In my practice I often see moms who come to talk about their anger, irritation, or lack of joie de vivre. What a surprise when we take stock of her life and realize, "Ah! It is actually all too much for one person to carry!" The feelings of hopelessness and anger are normal human responses to a relentless experience of responding to impossible demands.
So what to do about it? One client said, "Great. I can't quit my job. I can't not care for my kids. What good does knowing that it's an impossible task do me?"
The answer is this: forgiveness, humor, joy and present-moment awareness flow when we stop fighting ourselves with thoughts like "I should be doing more! What's wrong with me? Why am I so crabby? Why do other moms seem so together?" and start surrendering to life and befriending ourselves in the struggle.

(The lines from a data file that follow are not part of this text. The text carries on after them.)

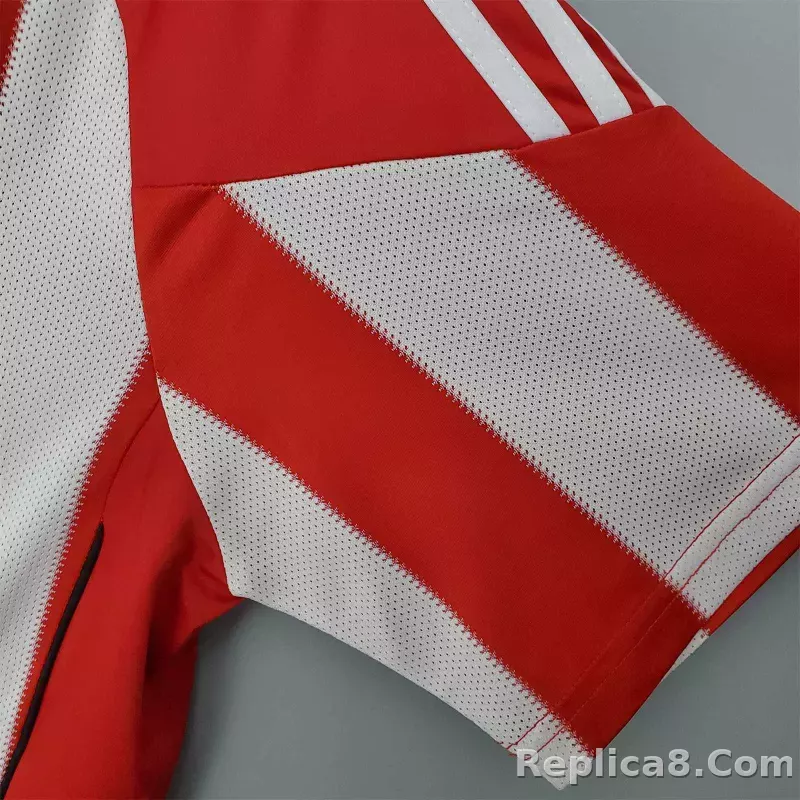 2010-11 Bayern Munich Home Retro Jersey - detail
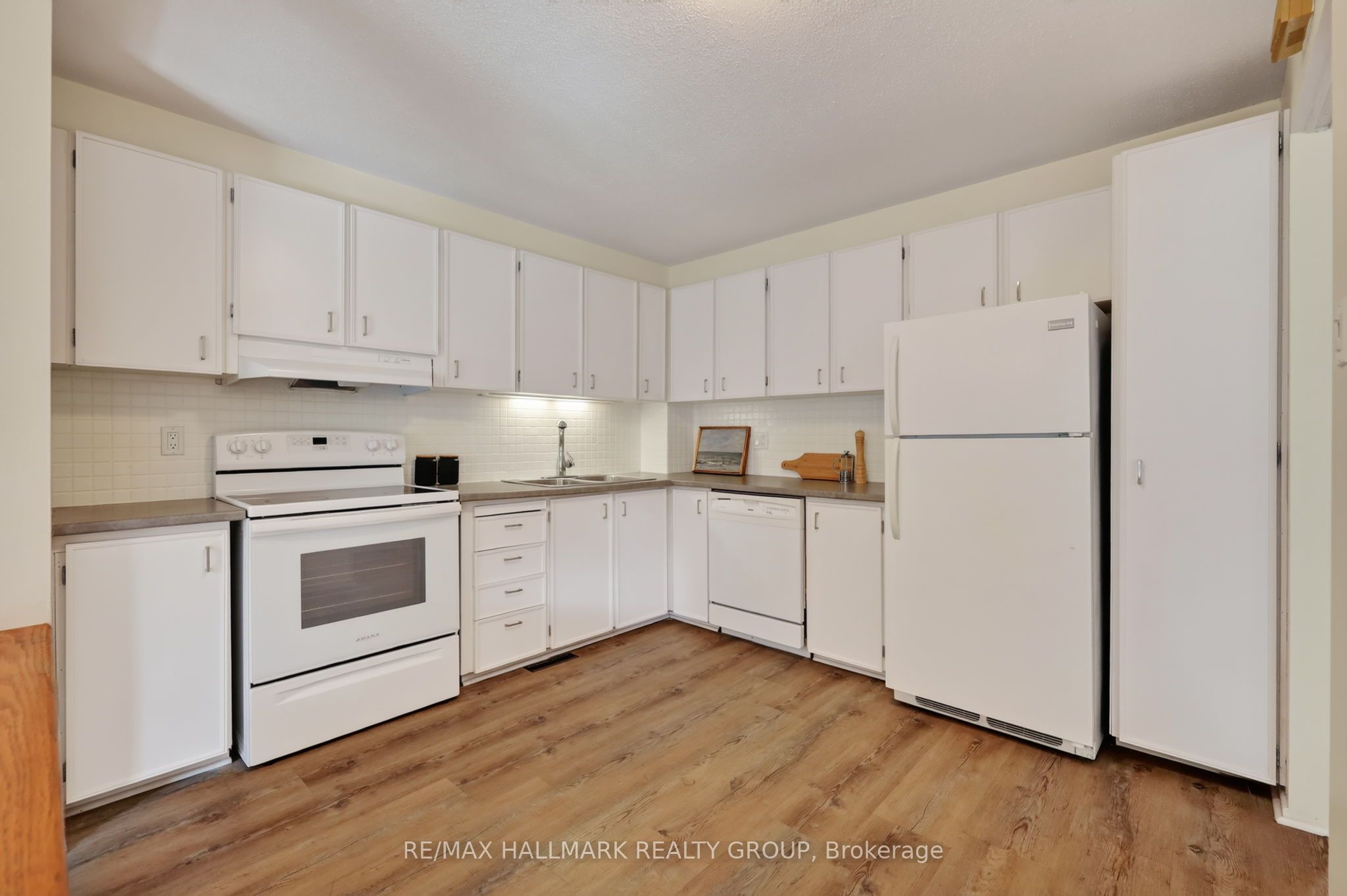 1086 Barwell Avenue Property Photo 16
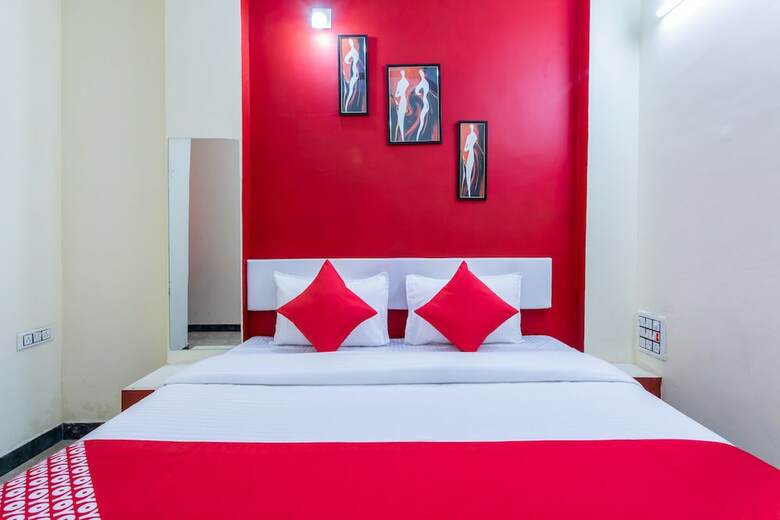 Oyo 24109 Hotel Santushti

If your self-talk moves from the harshness above to, "Ok, little Mama, you've had a long day—you still have to feed everyone and get through dinner. What can you do to make it more fun for you? Let go of everything else and just breathe and be here."
I believe that once we stop undermining and fighting ourselves, we are capable of the tiny, exquisite changes that make life joyful. No one can tell you what these will be, they spring naturally from your unique self when you are in an open, creative space. One woman's pleasures are not going to work for another. But finding this connection to ease and fun will open up your heart.
I have found a lot of grace in practicing kindly and warmly asking my partner for more help, and in incorporating the idea of "catching my kids being good" and praising them through physical affection. I also try to write in my journal every day. These are some of the ways I mother myself. And I am becoming a better mother as I include myself in my family as someone who needs nurturing!